16 janvier 1994, froid de loup, neige fondue, un temps à ne pas mettre un manifestant dehors. Pourtant, on était un paquet sur le quai de la gare de Metz ce matin-là, aux petites aurores. On partait pour dire à notre ministre que sa modification de la loi Falloux, il pouvait s’en faire des papillotes.

Donc, pour faire court, nous voilà partis, avec nos belles banderoles « Liberté ! Laïcité ! Fraternité ! » On arrive à la République : noire de monde. Jamais vu ça, même en 68. Oui oui, on y était aussi !

Ce jour-là de janvier 94 était en quelque sorte une revanche sur ce qu’on avait raté comme des bleusailles juste dix ans plus tôt. La fameuse –trop fameuse- manif des tenants du privé en 84, rassemblant un million de personnes dans les rues de Paris. Et nous, comme des imbéciles, à nous mobiliser dans nos préfectures. Evidemment, on n’avait pas fait le poids.

Cette fois, on ne transige pas : tous à Paris ! On défilait par région. Les Alsaciens en tête. Ca me revient : le collège de Haguenau, avec une poupée en costume comme emblème ! Toutes les télés les ont filmés ! Tu m’étonnes : l’Alsace, en tête d’un cortège qui marche pour la laïcité, ça avait une certaine allure ! Les Bretons avaient apporté les bombardes et les binious, ça aussi c’était la classe.
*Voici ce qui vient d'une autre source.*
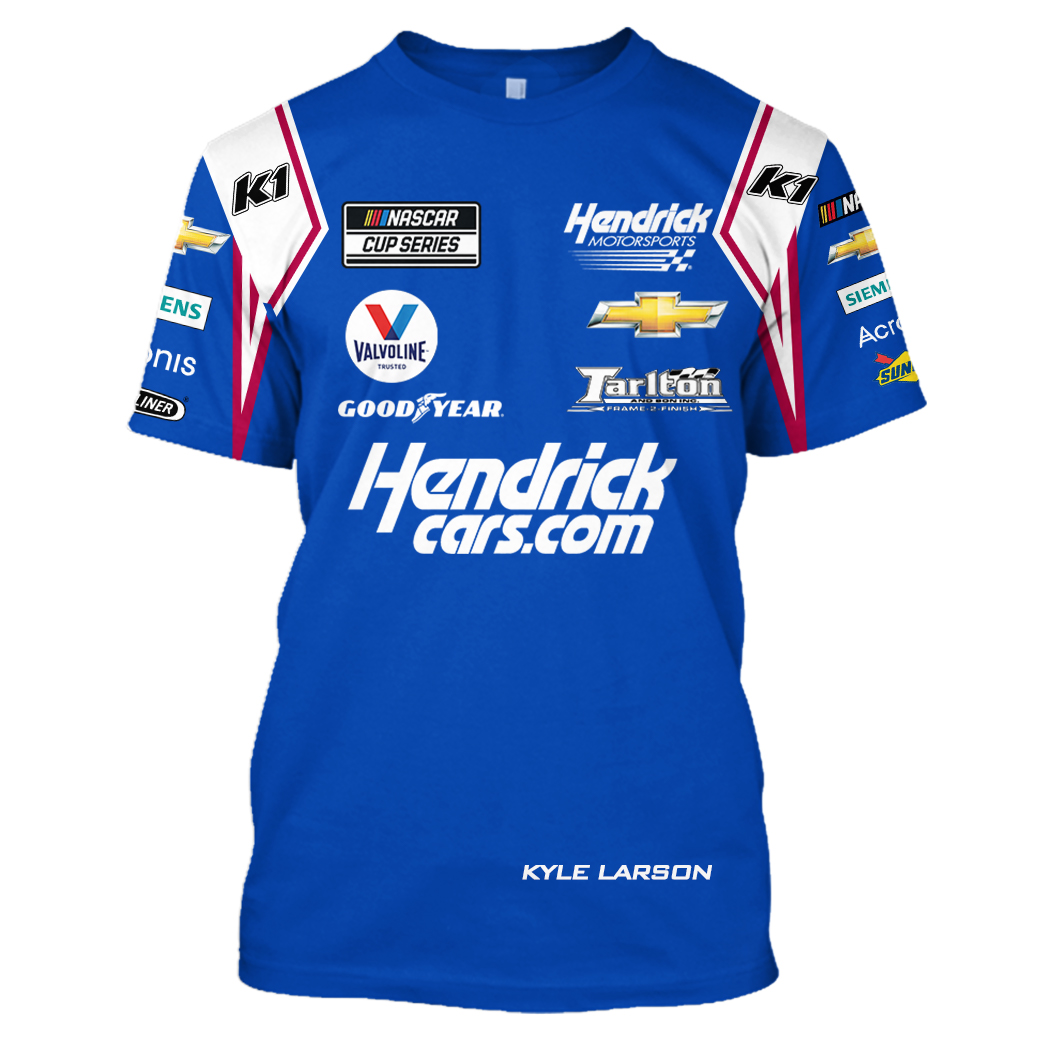 Hendrick cars Kyle Larson Racing 3d shirt hoodie 3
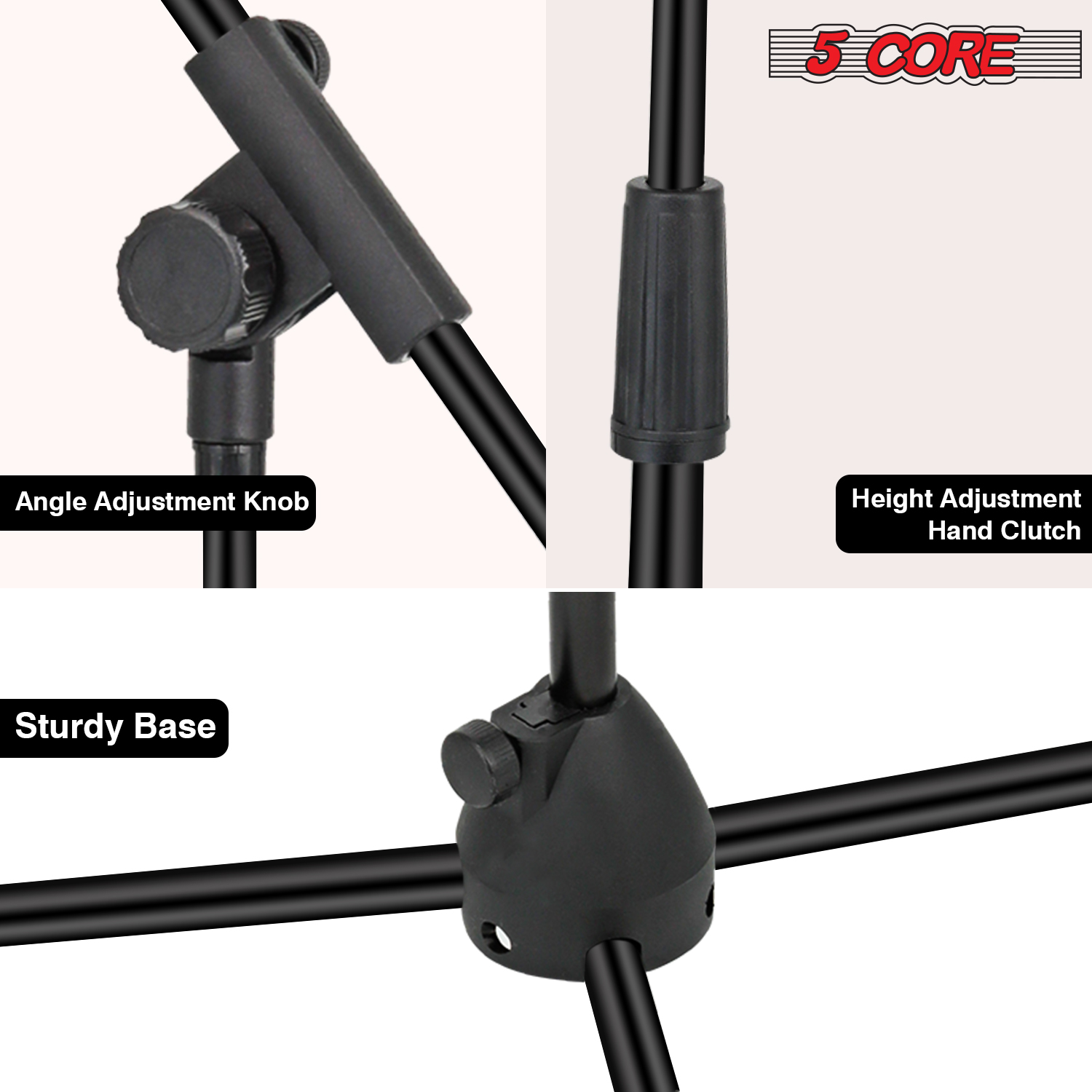 5Core Tripod Mic Stand 4Pcs Ad - огляд і ціна Microphone Stand Boom Arm Floor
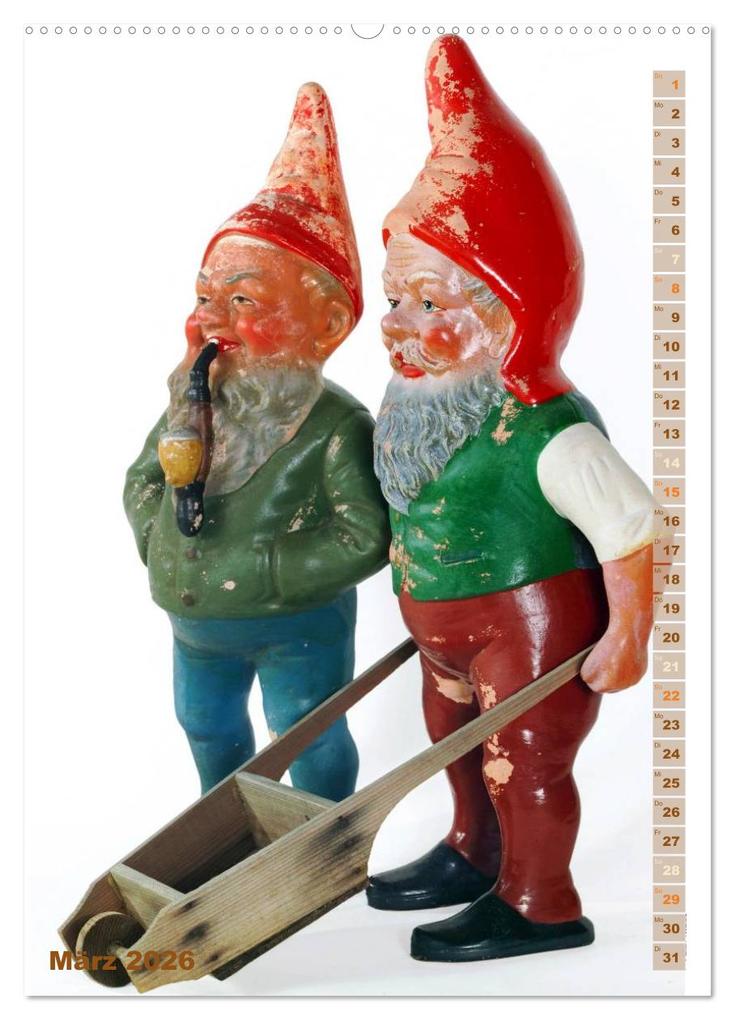 Weitere Ansicht: Gartenzwerge: Die rote Zipfelmütze im Beet (Wandkalender 2026 DIN A2 hoch), CALVENDO Monatskalender | Calvendo, CALVENDO CALVENDO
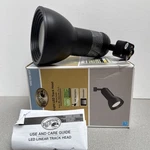 Hampton Bay 1-LIGHT Black Finish Led Track Head 1002-638-555. Fixed Price $18.49.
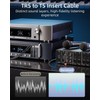 RIIEYOCA 1/4" TRS to Dual TS Mono Insert Y Splitter
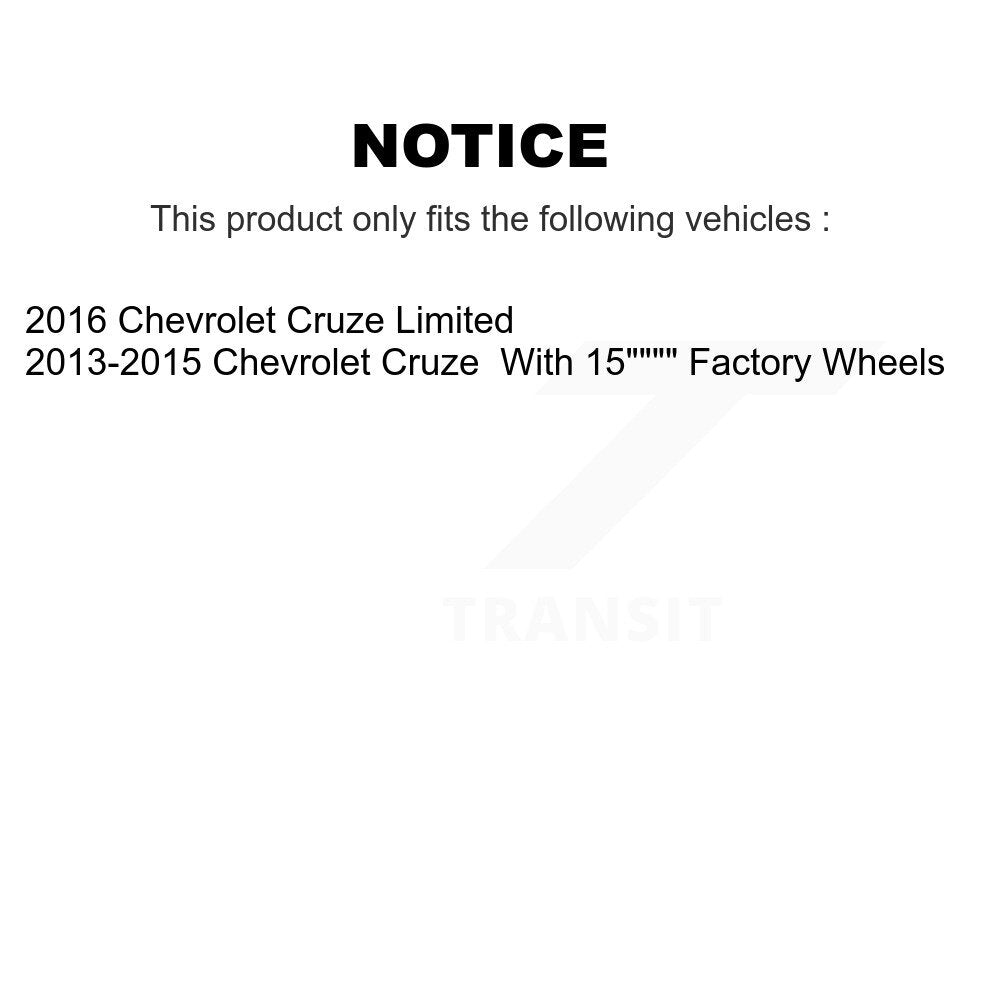 [Arrière] Kit d'ensemble roulement de roue et moyeu pour Chevrolet Cruze Limited K70-101771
C’était quoi donc qui nous avait tous lancés sur le pavé parisien, malgré la météo carrément hostile, les pieds gelés et les doigts gourds qu’on allait réchauffer dans les troquets tout alentour ? Trois fois rien, une broutille. Le ministre avait décidé d’aggraver la loi Falloux, qui donnait déjà à l’enseignement catholique un joli paquet de privilèges. La loi Falloux, celle contre laquelle Victor Hugo était monté à la tribune de l’Assemblée, le 15 janvier 1850, -chapeau la concordance des dates !- pour prononcer un discours fondateur sur la liberté des consciences à l’école.

Voilà donc un ministre (de droite, cela va sans dire, mais cela va mieux en le disant !) qui vient nous jouer un nouvel air : augmenter le financement public de l’école privée. L’école pas pour tous, l’école des inégalités, l’école des crevasses infranchissables entre les enfants. L’école privée, donc… Coup de poignard aux valeurs de laïcité, d’égalité, de citoyenneté, de gratuité aussi. Les slogans fusaient : « L’Etat chez lui, les curés chez eux ! » « Des sous pour l’Ecole de la République ! » et la neige tombait. Et on n’avait toujours pas démarré de la République.

Pour finir, on a remonté toute la manif, pour pouvoir dire qu’on y était ! Impressionnant ! Après des heures à se geler les oreilles, on est retournés à la gare, le train, fallait pas le louper. On a refait le trajet dans l’autre sens. Ma parole, il y avait encore plus de monde ! Place de la République, ils n’avaient toujours pas bougé les Lorrains !

Une fois rentrés, on a pris les dernières infos, vous me croyez ou pas, à minuit passé, il y avait encore du monde à la République, du monde qui n’avait jamais défilé, mais qui était là ! On était fiers comme des poux. Comme pour le CPE en 2006, le ministre, il l’a retirée vite fait sa loi de creusement des inégalités. ON AVAIT GA-GNE ! Et le ministre, on l’avait bien eu ! Eh ! Chacun son tour, en 84 c’était les autres qui avaient emporté le gros lot. Le ministre ?

Ah ! J’oubliais ! François Bayrou, il s’appelait, le ministre… Oui, on est bien d’accord : un ministre de droite, pas moyen de se tromper.